◆ What the task requires:
Beginning with the line that contains "farklı kabak türleri yan yana" and ending with the line that contains "Two white cats", reproduce the lines of the entries below exactly, omitting pictures.

◆ Records shown:
====

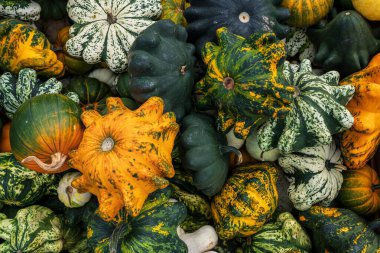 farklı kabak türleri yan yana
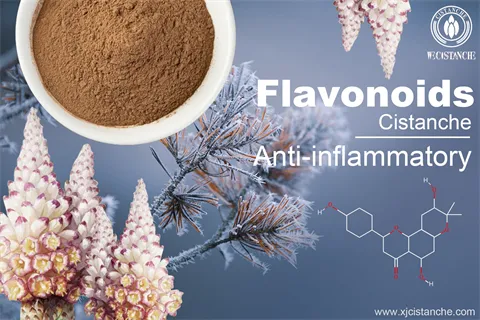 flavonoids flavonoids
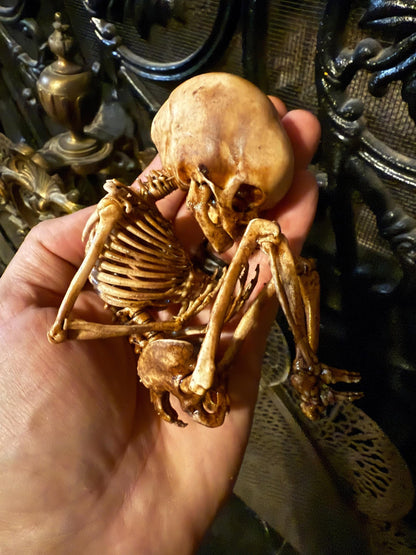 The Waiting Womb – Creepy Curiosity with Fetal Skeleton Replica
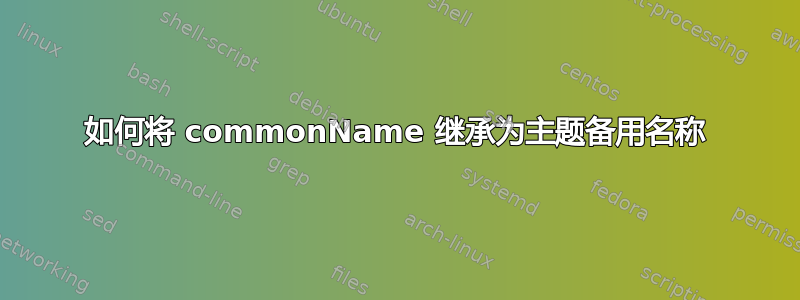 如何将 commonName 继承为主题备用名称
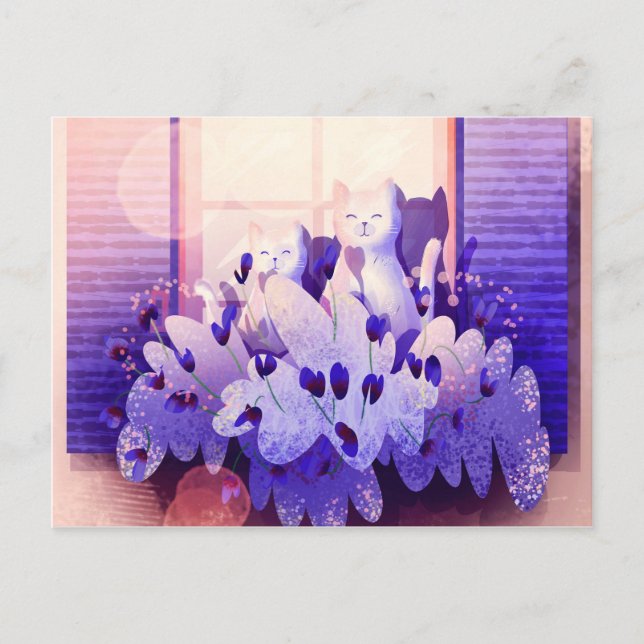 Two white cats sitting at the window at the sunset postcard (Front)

====

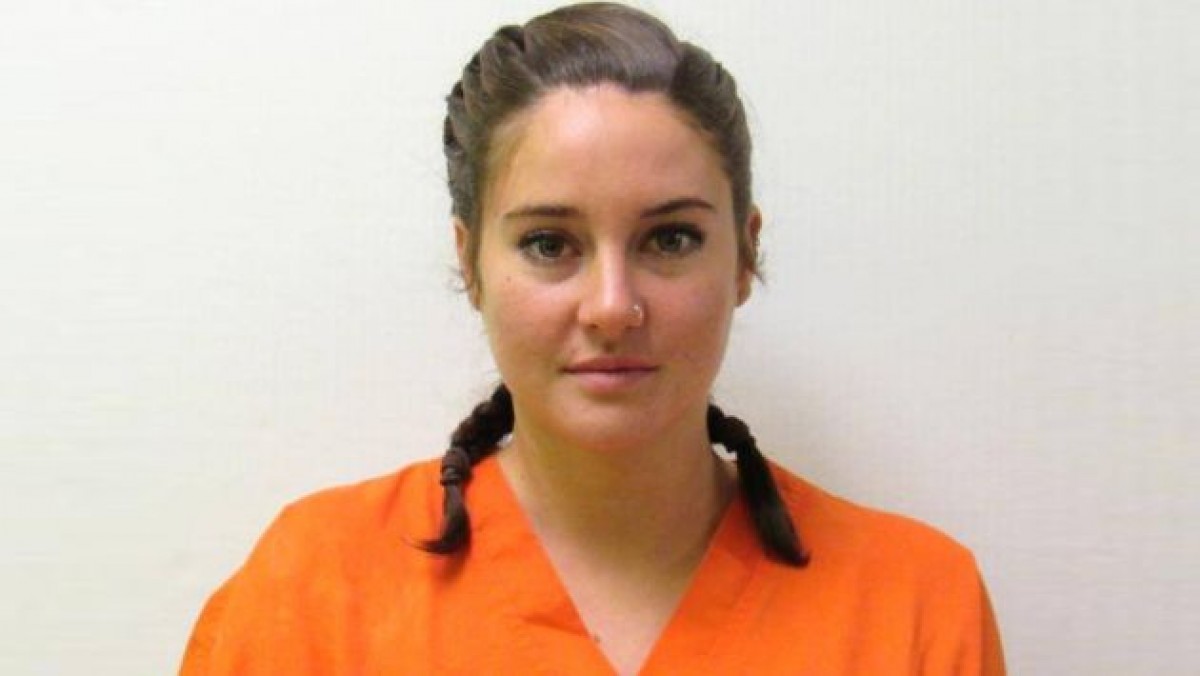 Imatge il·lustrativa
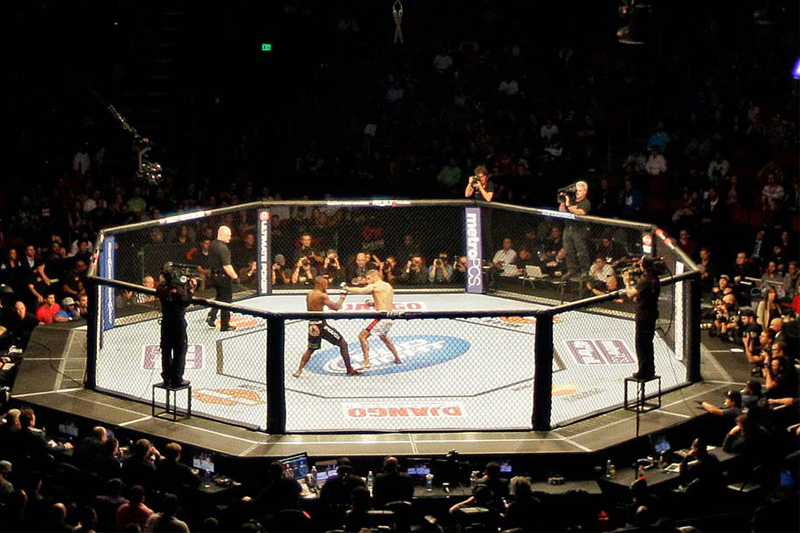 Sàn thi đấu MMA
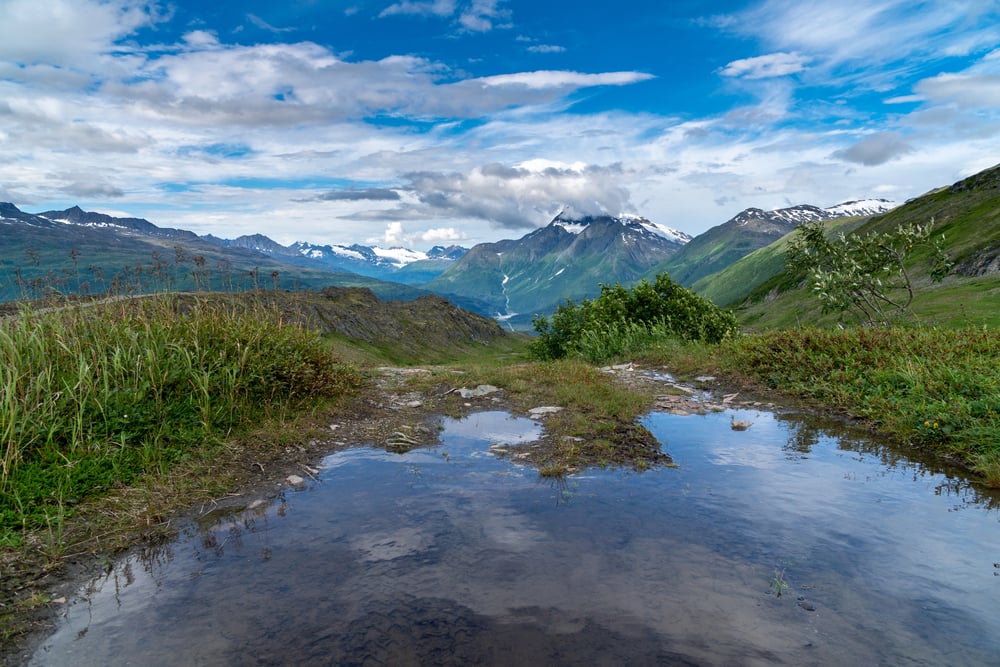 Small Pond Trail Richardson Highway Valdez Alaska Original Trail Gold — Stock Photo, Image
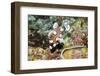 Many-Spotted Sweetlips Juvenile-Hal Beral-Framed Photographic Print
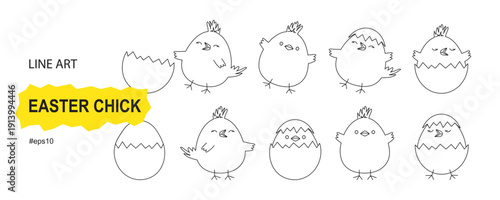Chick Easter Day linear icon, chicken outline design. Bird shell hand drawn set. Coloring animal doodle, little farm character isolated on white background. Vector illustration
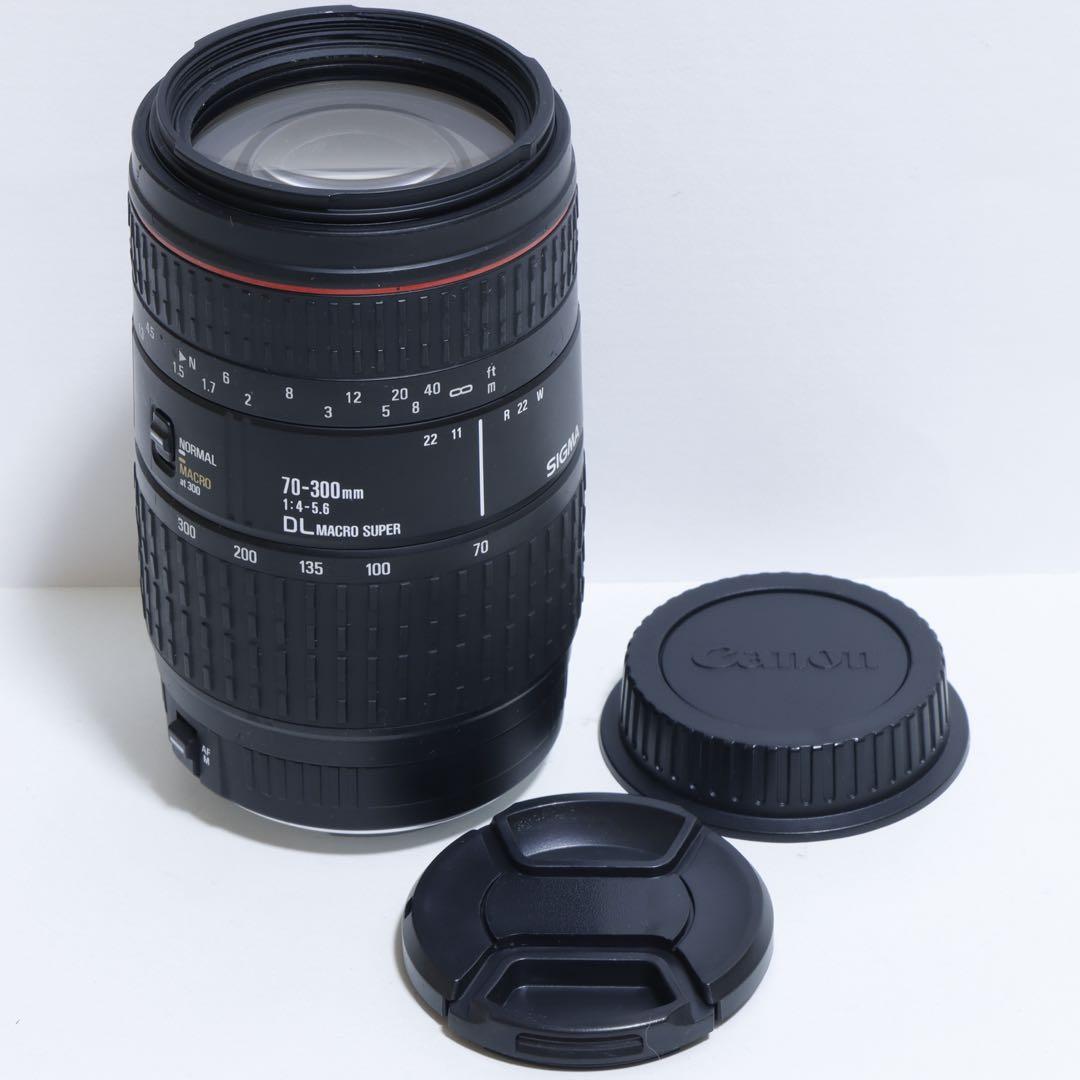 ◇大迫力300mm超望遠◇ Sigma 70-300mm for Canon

====

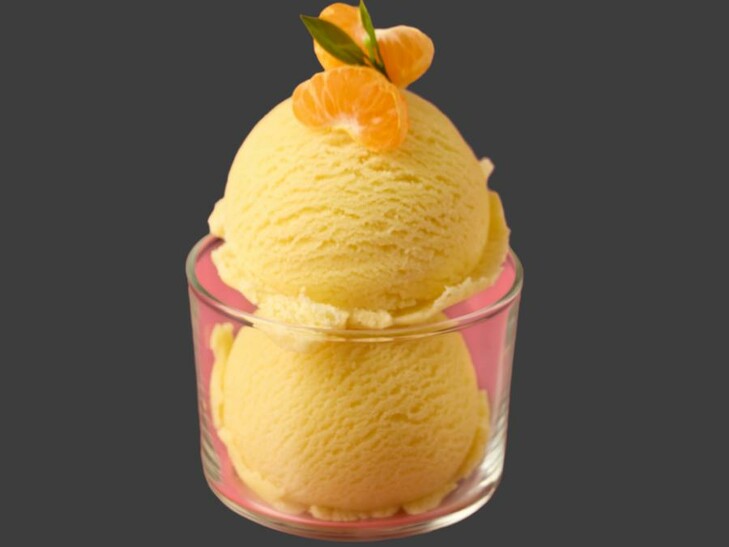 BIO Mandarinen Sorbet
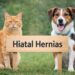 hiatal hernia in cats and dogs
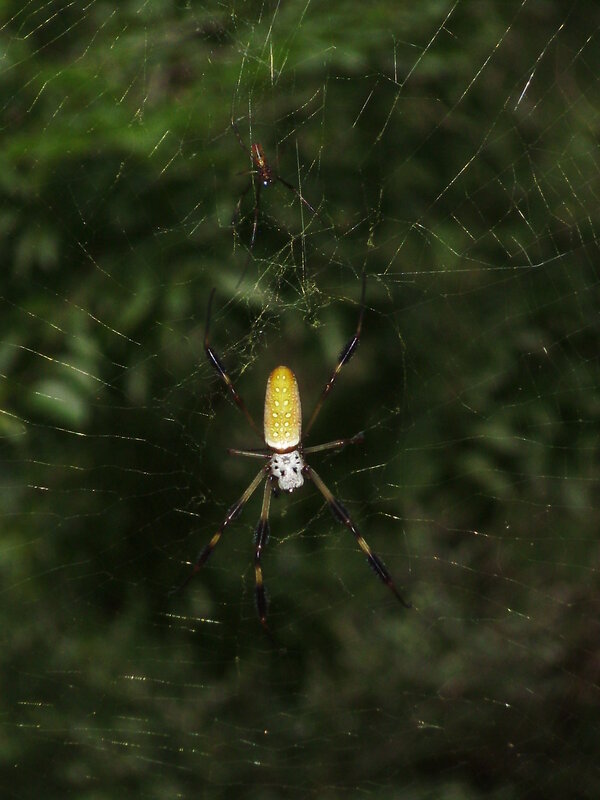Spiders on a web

====

◆ Response:
 farklı kabak türleri yan yana
 flavonoids flavonoids
 The Waiting Womb – Creepy Curiosity with Fetal Skeleton Replica
 如何将 commonName 继承为主题备用名称
 Two white cats sitting at the window at the sunset postcard (Front)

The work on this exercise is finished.